What the exercise asks
Wherever the listing holds a picture, leave it out, and copy the remainder exactly.

Given material
BEGIN
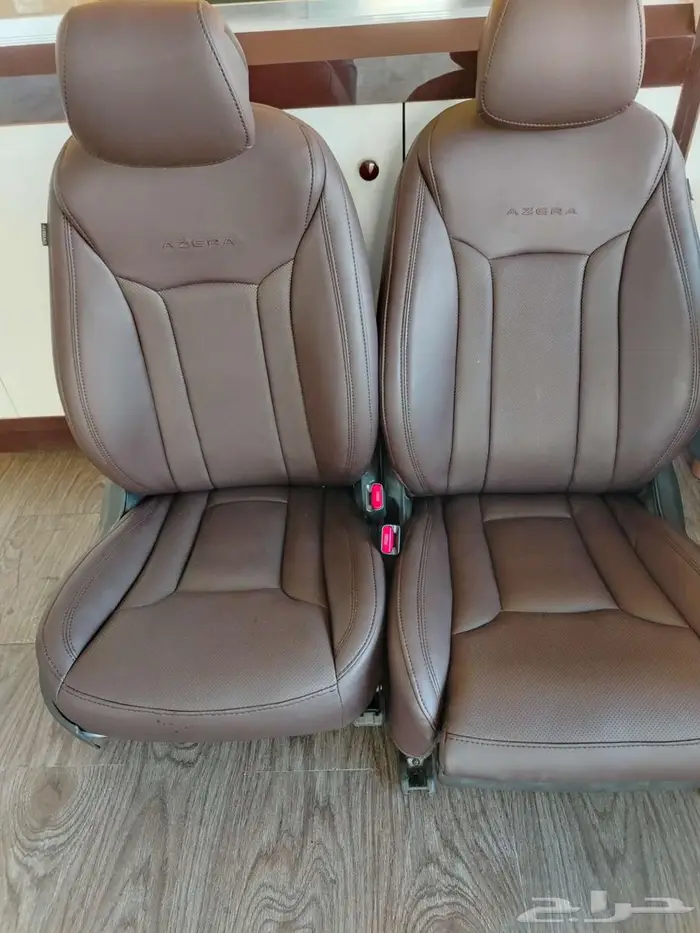 تنجيد شد بلد لجميع انواع السيارات 5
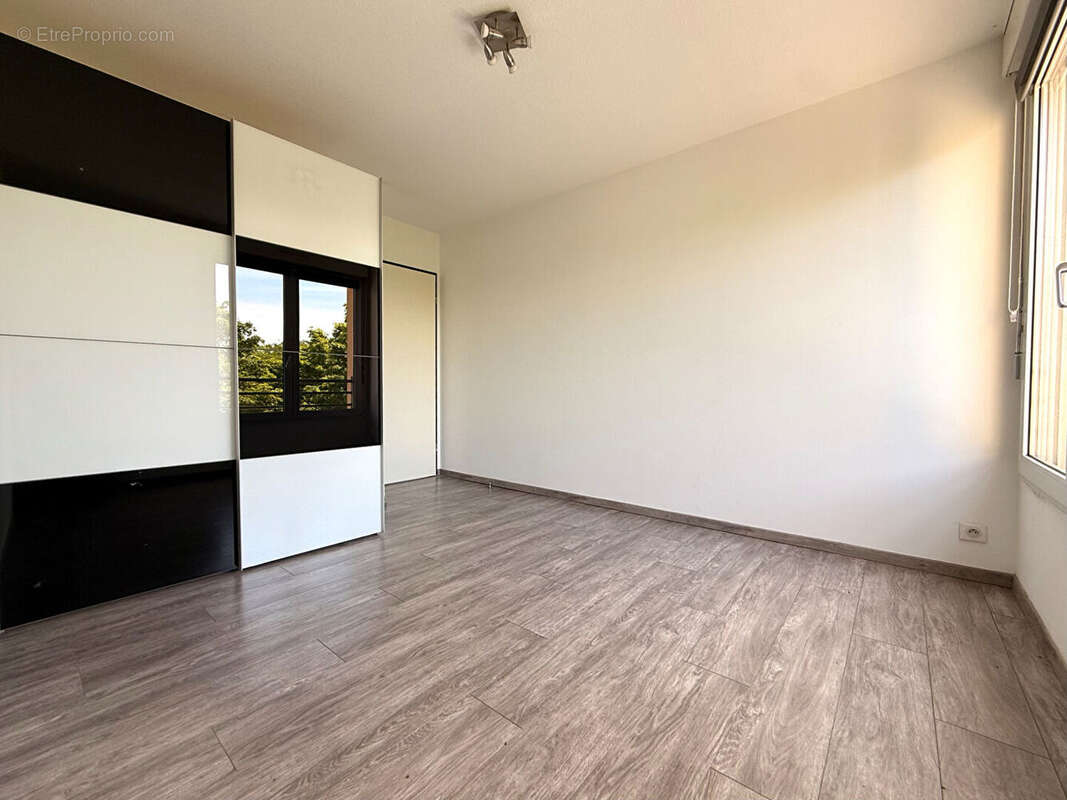 Appartement 2 pièces cosy à Wittelsheim - Idéal primo-accédant ! - photo 8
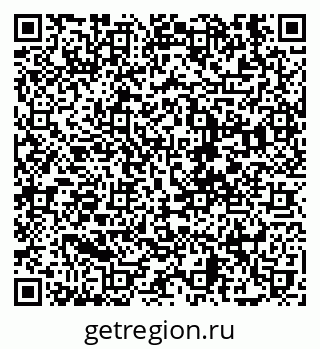 79630571385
END
Solution
 تنجيد شد بلد لجميع انواع السيارات 5
 Appartement 2 pièces cosy à Wittelsheim - Idéal primo-accédant ! - photo 8
 79630571385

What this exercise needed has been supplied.